What if a single indicator could tell you when calendar spreads are statistically tilted in your favor?
According to nearly 19 years of backtested data, the “Forward Factor” strategy produced returns approaching 27% annually with Sharpe ratios above 2.0 using nothing more than vanilla option calendar spreads and a simple volatility relationship hidden inside the options term structure.
The surprising part is how simple the idea actually is.
You open a calendar spread (or double calendar spread) when a specific volatility imbalance appears, then hold the position until just before the front expiration. No constant adjustment. No discretionary macro calls. No predicting direction.
The entire strategy revolves around one concept:
Forward volatility.
Measure the relationship between near-term implied volatility and forward implied volatility.
Enter a long calendar spread when the imbalance becomes large enough.
Hold the spread until just before the front expiration.
Repeat.
That’s it.
The edge comes from a persistent bias in the term structure of implied volatility — specifically, how the market misprices future volatility between two option expirations.

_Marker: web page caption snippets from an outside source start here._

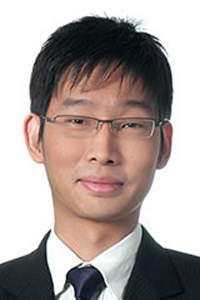 NUS SCALE Online Youth Programme_The Common Law in Commercial Litigation_Dr JUSTIN TAN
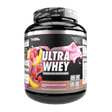 Refined Nutrition Ultra Whey - Strawberry Banana - 2kg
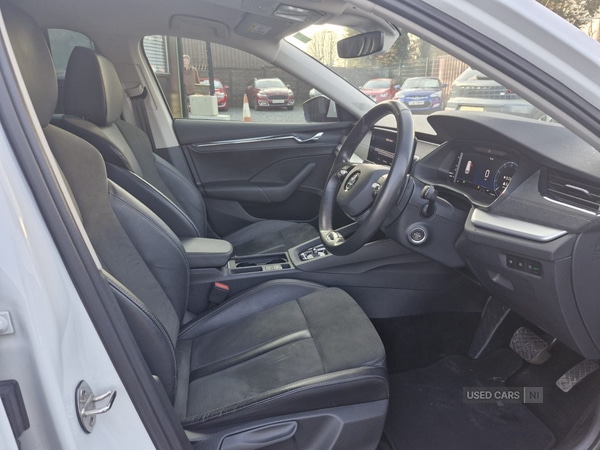 Used Skoda Octavia 2022 for sale - 77971056: Photo 7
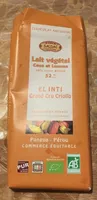 Chocolat au lait vegetal coco et lucyma sans sucre ajouté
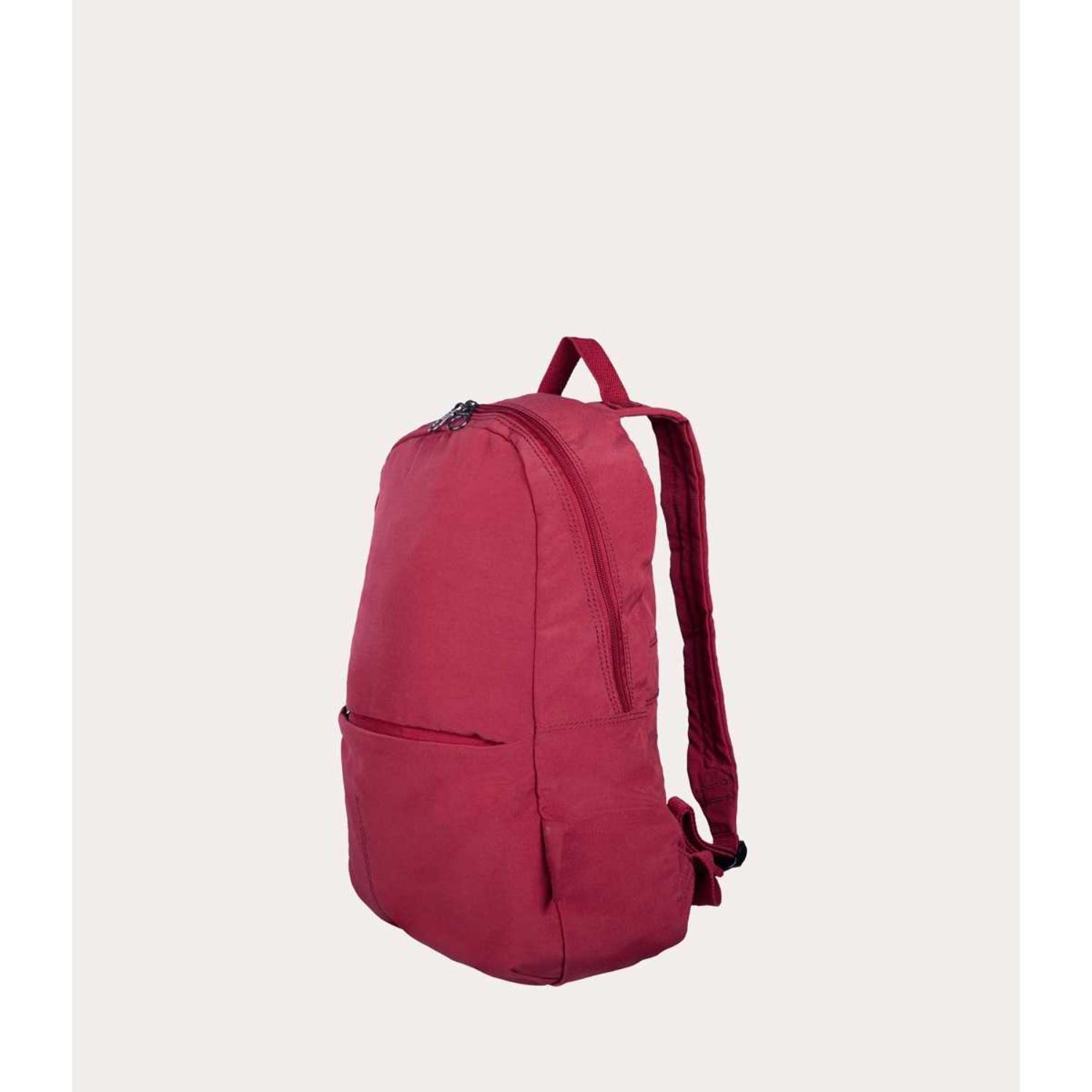 TUCANO® - Italy ECOCOMPACT Recycled Modern Business Foldable Backpack 1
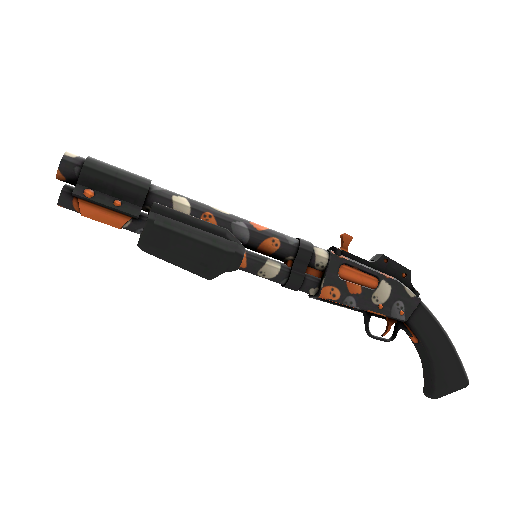 Simple Spirits Reserve Shooter (Factory New)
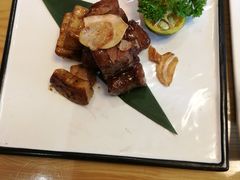 -王鼎精致料理铁板烧(世博源店)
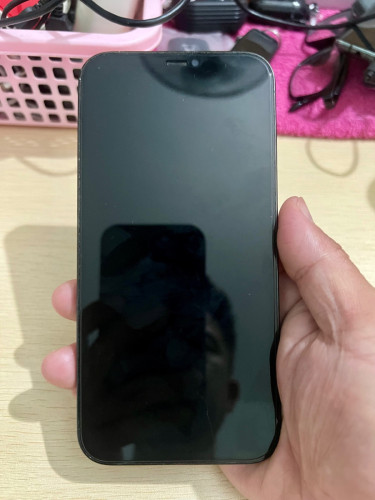 iPhone 12 Pro Max 128G LL/A original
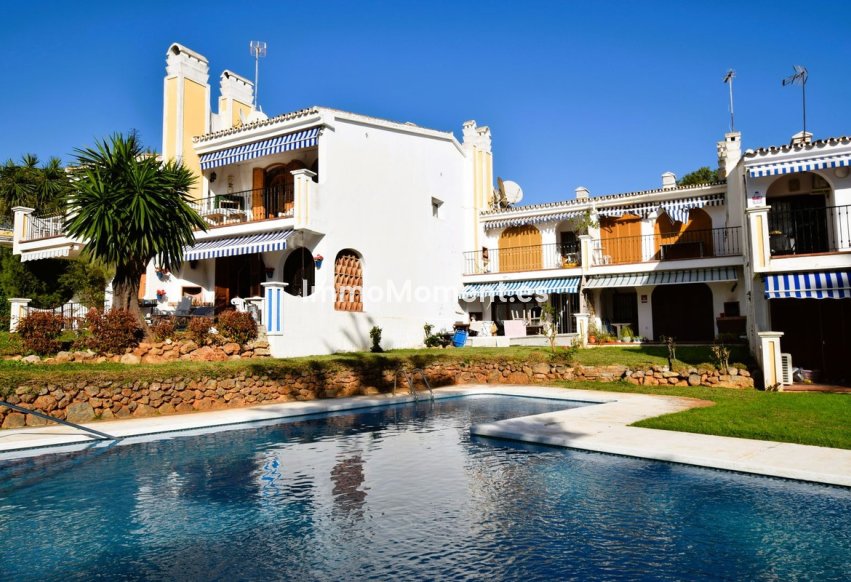 Revente - Appartement - Mijas Costa - Riviera Del Sol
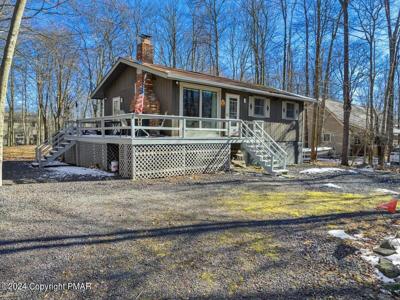33 S Lehigh River Drive
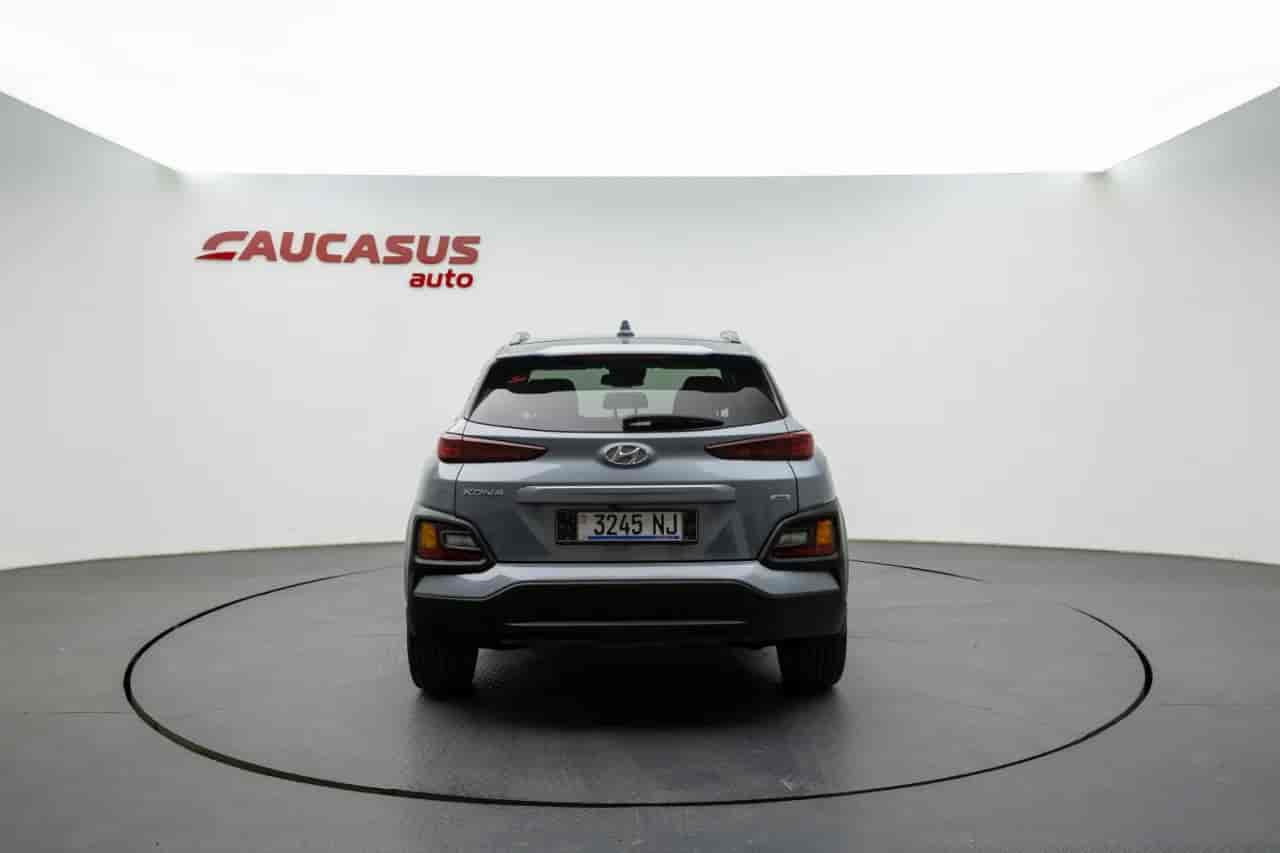 HYUNDAI Kona - 5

The strategy is based on academic research into the term structure of implied volatility.
The key insight is this:
The market’s implied estimate of future short-dated volatility is often systematically wrong.
More specifically, the “forward implied volatility” derived from two nearby expirations tends to underestimate the volatility that actually occurs later.
That mispricing can be harvested using ordinary calendar spreads.
The original research paper that inspired the strategy is:
“Term Structure Forecast of Volatility and Options Portfolio Returns.”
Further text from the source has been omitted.